The Survey further points out that the global outlook remains uncertain, given the weak growth impulses in the US, Europe and Japan and the downside risks to such recovery emanating from the volatility in international crude oil prices and the continuing geo-political tension in West Asia.
It highlights the fact that the decline in exports during 2001-02 was spread across both agricultural and manufactured commodity groups. While the former registered a fall of 2.2 per cent the latter plummeted by 3.9 per cent. Major exports like gems and jewellery, textiles, including readymade garments and engineering goods performed poorly.
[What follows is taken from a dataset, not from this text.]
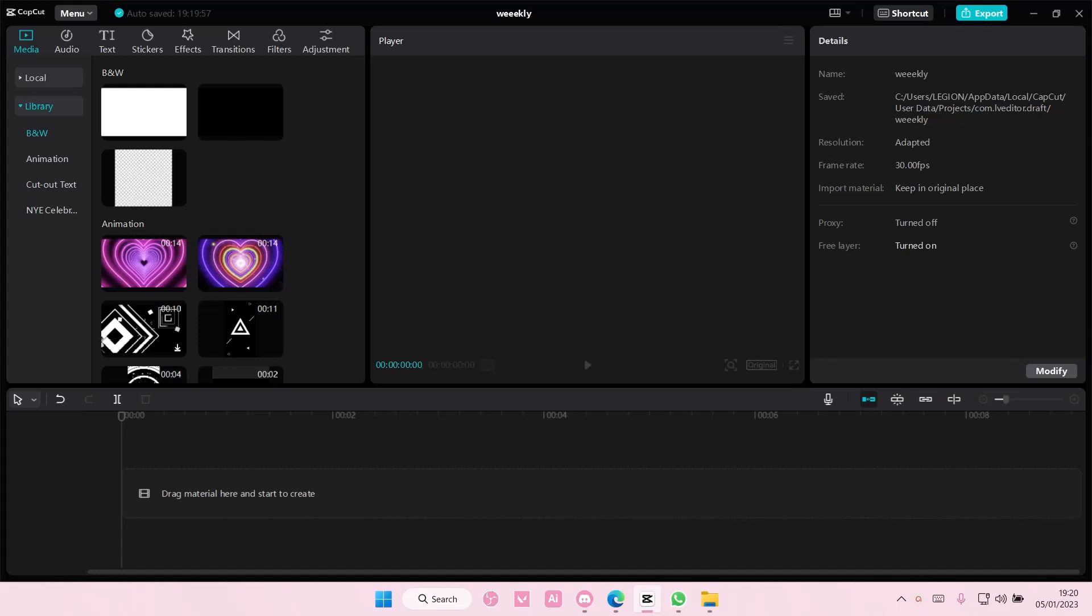Hey guys and welcome back to this channel. In this video I'll be showing you guys how you can create this really cool glow neon outline text effect on CapCut PC.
On the plus side, the Survey observes that the rising level of foreign exchange reserves provides a cushion against any major external shocks. This resilience of the Indian economy has been vindicated by its handling, in the recent past, a series of external shocks. These include the Asian crisis of 1997, crude oil shock of 2000 and the global slowdown of 2001.
According to the Survey, the surging foreign exchange reserves have provided an opportunity to further relax existing capital controls and “expedite completion of the trade liberalisation agenda.”
It states that “notwithstanding various reforms, India’s tariffs remain high by Asian and international standards and its trade regime remains relatively restrictive.” The Survey is in favour of carrying roadmap for liberalisation of customs tariffs initiated in last year’s budget.